I think I’d rather stick with experiment to determine what’s correct, even on type 1a supernovae that can and are being directly observed.
There is no discernible relationship between what I wrote, and your complaint. Nowhere did I say or imply that I began with conclusions and worked back to premises.

It is an insult to anyone to attribute to them that which they did not say, and I propose that you never do that again with me or anyone else. Doing so only marks you as a pseudo-intellectual shmoo with an atheist agenda. I will assume, for the moment, that you are better than that, only because you are bright enough to rise above your preprogrammed brain.

This may be just a misunderstanding which is the result of your unwillingness to accept words written as words intended, so let’s clear it up. (If it is the result of your inability to read— then its nothing I want to fix.)

Science and philosophy both work by beginning with a premise or two and using logic to develop the premise, see what happens. Once upon a time philosophers used to correct other philosophers’ illogical digressions, but not anymore. These days, philosophers seem arranged as if in a room in a circle of jerks, massaging the back of the philosopher ahead while singing Cum Bay Ah or something just as relevant.

I’ve no use for them, nor they for me. I mention this because in an earlier (unaddressed) post you implied that I might be a philosopher.

My statement is an honest expression of how I, and many people work. We come up with ideas, check them by applying some logic as best we can, sharing with antagonists, or trying to apply them in the real world. If our antagonist friends break out in laughter, or the nifty new invention blows up, or the rusty bolt-head breaks off when we apply 150 ft-lbs of torque to it, we recognize that maybe something was wrong with Plan A.

Nitwits insist that Plan A was the right plan because they believe it to be.
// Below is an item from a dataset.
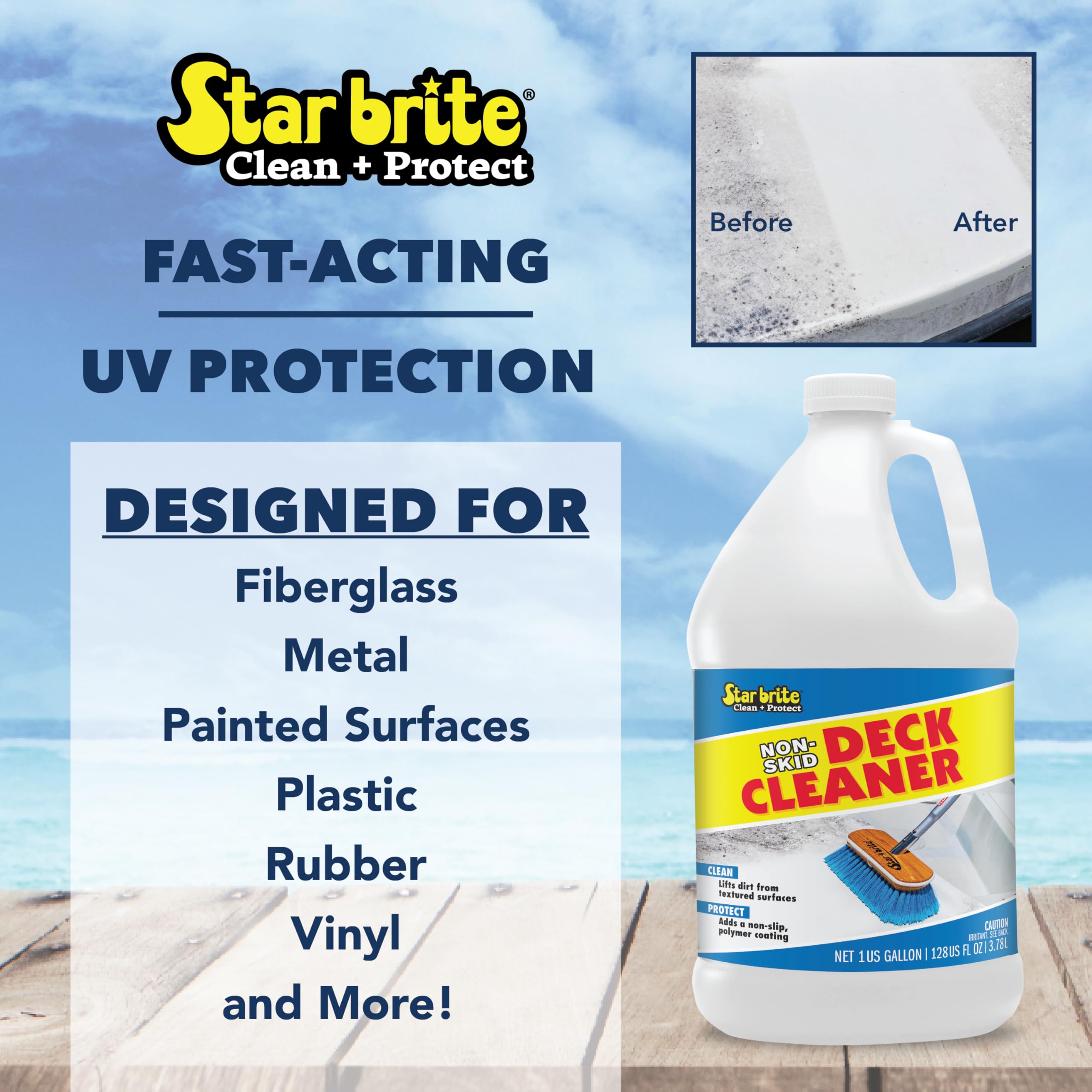 Non-Skid Deck Cleaner & Protectant STAR BRITE - Ultimate Boat Deck Wash - Protects Against Future Stains & UV - Ideal for Fiberglass, Vinyl, Plastic & Painted Surfaces -1 Gallon (085900)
Useful people and engineers go on to develop Plan B, and onward to Plan 9 from Outer Space if that’s what it takes to get the job done or the problem solved.

So please explain to me, and others reading but not participating (Join the fray!), why you think that correction of premises that don’t work is a poor idea. Is it because you believe in Darwinism? IMO anyone who fails to correct his premises in the aftermath of a logical failure or just plain bum result, is not smart enough to be a nitwit.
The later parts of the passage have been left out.